Pero ahora quisiera dejar a un lado la historia y pensar la corrección política en un plano más horizontal.
Entendamos “lo correcto”, en un sentido más amplio y para no entrar en discusiones filosóficas o hipercontextualizadas, como sinónimo de evolución social, como ese mecanismo que hace que en el 2016 a nadie en sus cabales se le ocurra pensar que la esclavitud pudiera ser una buena idea, aun cuando durante siglos fuera la norma —lo “natural” —, o que hoy las mujeres puedan votar, o que los negros no tengan que usar un baño aparte. Entendámoslo como eso que George Orwell definió como una época no más inteligente pero sí menos estúpida que las anteriores. Lo correcto puede volverse difuso cuando las luchas apenas se están dando, pero aterrizado al plano de los derechos civiles es más o menos claro —en el futuro, se verá a nuestra generación como aquella pueril y silvestre que no se decidía a legalizar el derecho civil de dos personas del mismo sexo a contraer matrimonio—.
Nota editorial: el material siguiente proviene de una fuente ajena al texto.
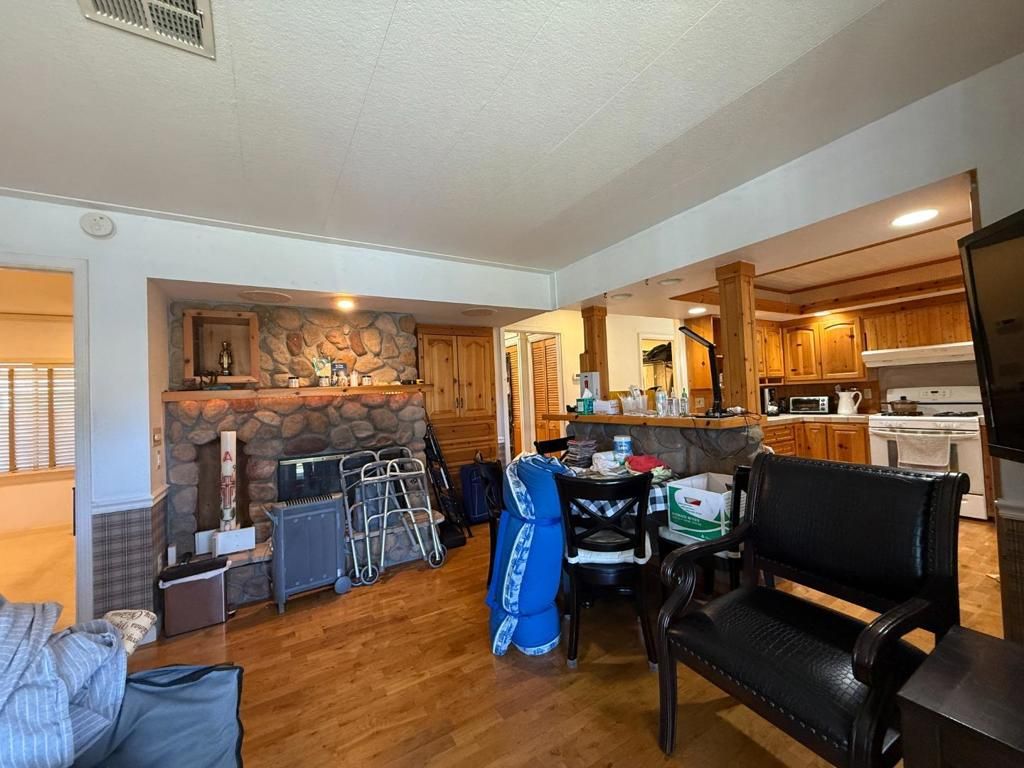 Image 8 of property listing at 541 Millpond Drive 541, San Jose, CA 95125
En un mundo ideal, lo correcto tendría que ser equivalente a lo políticamente vigente; es decir, lo políticamente correcto —abstenerse de ejercer violencia de género o de clase, por ejemplo— sería políticamente cierto; al andamiaje administrativo y cultural de un país sería congruente con estas reglas, en favor de la armonía social y la justicia. En ese universo, la incorrección política no sería celebrada por nadie, puesto que iría en contra de los valores vigentes; sería justo y sólo eso, incorrecta.
Pero ¿qué pasa cuando lo correcto y lo político están dislocados? Pues pasa lo que estamos viviendo. La política vigente —de nuevo, en el sentido amplio no sólo del poder sino también de la estructura cultural de un pueblo— no es correcta. En México, por ejemplo, los derechos lingüísticos, autogestivos e identitarios de las naciones indígenas son sistemáticamente aplastados. El machismo es institucional. La homofobia (que es otra cara del machismo) sigue impidiendo leyes justas. El neoliberalismo se impone en reformas que perjudican a la mayoría y la desigualdad crece. O sea, la política vigente es una política incorrecta. Y en un contexto de política incorrecta, la incorreción política deviene corrección a secas.
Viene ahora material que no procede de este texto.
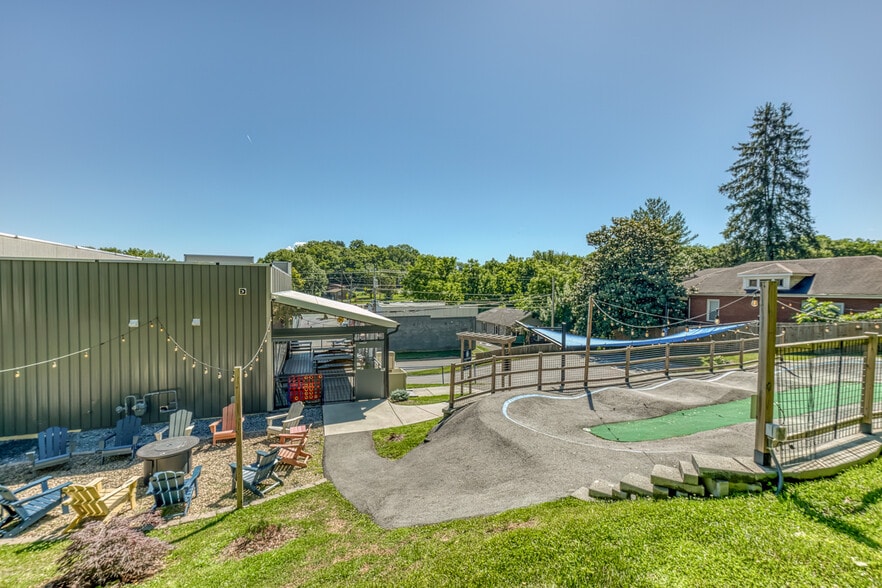 More Photos Of 640 E Maple St, Johnson City Bar For Sale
Quizá Resulte demasiado confuso, así que tratemos con ejemplos. Donald Trump, un magnate que concentra en sí mismo la materialización de realidades políticamente vigentes, como el racismo, el neoliberalismo salvaje (que sus votantes llaman “éxito”), el machismo, no puede, por definición y álgebra elemental, ser políticamente incorrecto, ya que él mismo es políticamente vigente, con independencia de si es su partido o el otro el que está en el poder. Al emitir opiniones como las ya citadas desde su torre bañada en chapa de oro junto a su mujer trofeo, no está atentando contra el statu quo, sino legitimándolo. Aquí una fórmula, o algo así:
incorrección política = política vigente
incorrección = vigente
Nicolás Alvarado tampoco puede ufanarse de ser políticamente incorrecto porque su incorrección, el clasismo y la homofobia retrógrados, es la norma en el sistema que habita. Paradójicamente, sólo podría ser políticamente incorrecto siendo correcto, es decir, contradiciendo la realidad vigente.
Se me ocurre un ejemplo, entre muchos, de auténtica incorreción política en este mundo al revés, para finalizar.
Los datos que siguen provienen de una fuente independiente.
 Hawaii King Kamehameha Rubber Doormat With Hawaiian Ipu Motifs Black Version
En 2013, el escritor napolitano Erri De Luca fue citado a juicio, por haber “instigado”, con un par de publicaciones en el Huffington Post, al vandalismo. Resulta que, junto con muchos periodistas, participó del movimiento ciudadano No TAV, que se oponía a la construcción de una línea ferroviaria para el Treno ad Alta Velocità entre Lyon y Turín, por la inconsistencia entre gasto público y beneficio que proveería, por el brutal impacto ambiental que tendría, y por la corrupción político-empresarial que permeó todo el proyecto. Como se ve, la norma: la vigente política incorrecta, que en México no nos es ajena. En sus artículos, De Luca afirmó que, una vez agotados todos los recursos legales, las mesas de diálogo y las mediaciones para impedir “esta obra nociva e inútil”, la única alternativa era el sabotaje.
Este llamado a cierta incorrección (la violencia contra la propiedad, en este caso) para preservar la corrección mayor sobre la política incorrecta vigente es, a mi parecer, la única incorrección política posible en nuestros días. De otro modo, las autoridades del statu quo, un gobierno italiano pragmático e ideológicamente nebuloso —que recuerda un poco al PRI de Peña Nieto—, no habría actuado como lo hizo, enjuiciando a un escritor por sus palabras. Sobra decir que De Luca fue absuelto, porque, a diferencia de un servidor público o de un millonario presidente electo, o incluso de un hombre cualquiera —todos ellos en situaciones de privilegio respecto al pueblo, los pobres, y las mujeres, respectivamente—, sus declaraciones, con todo, no podían considerarse vinculantes. Otros ejemplos de auténtica incorrección política podrían ser las marchas multitudinarias, que tanto molestan a las buenas consciencias, o cualquier opinión en contra del optimismo empresarial o de la filosofía del ser positivo, ambos vigentes a un nivel casi dogmático.
Quizá debería preocuparnos menos estarnos volviendo “demasiado políticamente correctos”, y debería ocuparnos más que lo incorrecto se apropie de la política, que se siga utilizando un escudo léxico para defender, promover y hasta celebrar el abuso, y que lo considerado correcto por tantos sea en realidad tan siniestro.